In a tradition going back to 2008, we now present our annual review of award-winning short films over the past year. Listing the winners invariably results in a kind of Hit Parade of shorts. Naturally, no conclusions about the films’ artistic quality can be drawn from this sort of ranking, but it does indicate their popularity as measured by the votes of expert juries and viewing audiences. Ultimately these are market data stemming from the prevailing mood and subjective quality judgements.
The data collected not only reveals the success of individual films but also provides information on the role played by their countries of origin, the various festival locations and the popularity of different film genres. The success of short film production in some countries versus others comes to light, for example, and cultural affinities between certain countries can be discerned.
Ever since the first annual review of award-winners, I have been observing a trend for just a handful of short films worldwide to win the lion’s share of awards and distinctions. This is a demonstrable fact, but it is impossible to know for sure whether the imbalance says something about the quality of the films concerned or whether the decision-makers perhaps find themselves in a kind of echo chamber or filter bubble that influences their choices.
Basis for the evaluation
All honours and awards were analysed that were mentioned in the “Awards” section on shortfilm.de during 2018. This accounts for just over 1,700 awards this past year. We naturally cannot publish all prizes and awards conferred on short films everywhere in the world – in particular as it is possible today for shorts to reap kudos at pseudo-festivals 😉
Only the major, respected short film festivals with international competitions are registered here. Events with an exclusively national or regional focus are not included. We do however report on national film awards such as the German Short Film Award and the Césars in France. In 2018, prizes presented in nearly 60 countries were published on the website.

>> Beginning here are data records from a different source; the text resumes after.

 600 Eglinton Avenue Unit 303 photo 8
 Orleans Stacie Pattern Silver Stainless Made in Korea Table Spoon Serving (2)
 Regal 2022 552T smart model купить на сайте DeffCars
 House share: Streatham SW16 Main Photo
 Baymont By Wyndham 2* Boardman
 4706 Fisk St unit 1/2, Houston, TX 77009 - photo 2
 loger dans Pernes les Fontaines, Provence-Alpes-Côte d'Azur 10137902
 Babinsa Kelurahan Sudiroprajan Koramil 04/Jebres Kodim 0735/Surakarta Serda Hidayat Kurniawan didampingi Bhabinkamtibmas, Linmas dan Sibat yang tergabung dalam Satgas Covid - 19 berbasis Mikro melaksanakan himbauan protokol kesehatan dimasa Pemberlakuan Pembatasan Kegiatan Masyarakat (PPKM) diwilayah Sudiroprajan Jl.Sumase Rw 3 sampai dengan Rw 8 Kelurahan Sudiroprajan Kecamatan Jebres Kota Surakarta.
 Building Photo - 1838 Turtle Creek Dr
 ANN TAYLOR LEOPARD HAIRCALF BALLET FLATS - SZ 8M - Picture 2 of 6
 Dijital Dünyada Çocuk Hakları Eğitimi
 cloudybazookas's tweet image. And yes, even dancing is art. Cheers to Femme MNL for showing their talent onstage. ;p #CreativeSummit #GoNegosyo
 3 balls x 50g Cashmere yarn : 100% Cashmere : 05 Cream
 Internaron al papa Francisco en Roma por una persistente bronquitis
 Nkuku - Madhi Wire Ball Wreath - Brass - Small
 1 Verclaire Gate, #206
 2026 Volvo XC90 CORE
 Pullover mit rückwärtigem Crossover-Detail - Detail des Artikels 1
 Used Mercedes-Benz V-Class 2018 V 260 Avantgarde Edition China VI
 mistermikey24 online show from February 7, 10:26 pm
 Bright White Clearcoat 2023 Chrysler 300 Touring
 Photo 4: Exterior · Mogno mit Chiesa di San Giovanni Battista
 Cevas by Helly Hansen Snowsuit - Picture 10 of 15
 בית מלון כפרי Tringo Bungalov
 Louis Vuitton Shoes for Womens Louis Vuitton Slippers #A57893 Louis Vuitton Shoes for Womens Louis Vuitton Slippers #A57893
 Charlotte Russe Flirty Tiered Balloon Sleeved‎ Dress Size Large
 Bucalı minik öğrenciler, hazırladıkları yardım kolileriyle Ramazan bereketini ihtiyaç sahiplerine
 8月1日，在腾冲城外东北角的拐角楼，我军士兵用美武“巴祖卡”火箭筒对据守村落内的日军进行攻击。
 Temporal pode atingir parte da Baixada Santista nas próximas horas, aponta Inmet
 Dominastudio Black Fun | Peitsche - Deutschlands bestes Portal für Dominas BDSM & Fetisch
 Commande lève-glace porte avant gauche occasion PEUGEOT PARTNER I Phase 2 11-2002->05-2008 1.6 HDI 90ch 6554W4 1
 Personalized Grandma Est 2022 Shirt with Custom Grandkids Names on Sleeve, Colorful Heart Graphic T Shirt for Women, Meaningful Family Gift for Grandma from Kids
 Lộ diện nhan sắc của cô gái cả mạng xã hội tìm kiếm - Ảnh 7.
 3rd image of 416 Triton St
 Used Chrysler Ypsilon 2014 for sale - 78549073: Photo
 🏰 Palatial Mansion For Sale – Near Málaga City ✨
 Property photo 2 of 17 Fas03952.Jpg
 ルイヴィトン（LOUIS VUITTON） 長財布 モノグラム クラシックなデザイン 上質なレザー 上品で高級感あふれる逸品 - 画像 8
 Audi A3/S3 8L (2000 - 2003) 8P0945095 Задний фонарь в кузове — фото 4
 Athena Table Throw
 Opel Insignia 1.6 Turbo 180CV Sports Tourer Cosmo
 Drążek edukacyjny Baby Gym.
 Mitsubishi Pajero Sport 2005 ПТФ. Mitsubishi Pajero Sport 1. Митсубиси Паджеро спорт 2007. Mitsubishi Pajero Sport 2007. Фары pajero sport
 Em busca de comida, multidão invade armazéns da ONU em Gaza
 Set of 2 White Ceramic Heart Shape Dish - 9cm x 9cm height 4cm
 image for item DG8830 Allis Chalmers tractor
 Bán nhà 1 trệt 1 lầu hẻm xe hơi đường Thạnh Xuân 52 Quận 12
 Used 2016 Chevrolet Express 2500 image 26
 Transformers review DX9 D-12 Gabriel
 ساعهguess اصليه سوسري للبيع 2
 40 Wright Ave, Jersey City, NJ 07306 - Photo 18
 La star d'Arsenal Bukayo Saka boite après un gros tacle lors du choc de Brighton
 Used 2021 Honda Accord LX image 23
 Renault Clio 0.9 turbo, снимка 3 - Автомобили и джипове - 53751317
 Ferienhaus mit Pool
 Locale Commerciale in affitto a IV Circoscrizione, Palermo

We usually list only the main prizes, but for the larger festivals we also include honourable mentions. As a rule, only short film festivals are taken into account, with the exception of large international feature film festivals with a short film competition such as Cannes, Berlin and Sundance.
Overall, we reported in 2018 on the jury decisions in 291 festivals or competitions – 57 of them in Germany. Due to our own geographical location, German as well as European festivals and competitions are over-represented. But the short films cited come from all continents and regions of the world.
Strong production countries
Of the awards published on our website in 2018, the most by far went to films made in Germany (187 awards), France (146), the USA (134), the UK (114), Spain (76) and Belgium (51). Co-productions are not included in these figures.
The countries topping the list and the number of prizes have changed little in recent years – and even their order has remained the same since 2016. In terms of absolute numbers, though, France was less successful in 2018 (173 award-winners in 2017) and British films have caught up again after years of falling behind (84 winners in 2017). Of the total awards presented on the website, around half went to films from only nine countries.
Among the smaller countries – in terms of population – 2018 was a banner year in particular for shorts from Switzerland and Belgium. Sometimes, standout films briefly catapult a country to the top of the list. Belgium, for example, was among the top ten in 2018 thanks to worldwide acclaim for WILDEBEEST by Nicolas Keppens & Mathias Phlips, SIMBIOSIS CARNAL by Rocío Álvarez and the co-production CE MAGNIFIQUE GÂTEAU! (This Magnificent Cake!) by Emma de Swaef & Marc James Roels.
Sweden enjoyed a similar trajectory this past year, with just three films – MIN BÖRDA (The Burden), SKUGGDJUR (Shadow Animals) and SCHOOLYARD BLUES (Skolstartssorg) – sweeping up half of all awards for domestic productions.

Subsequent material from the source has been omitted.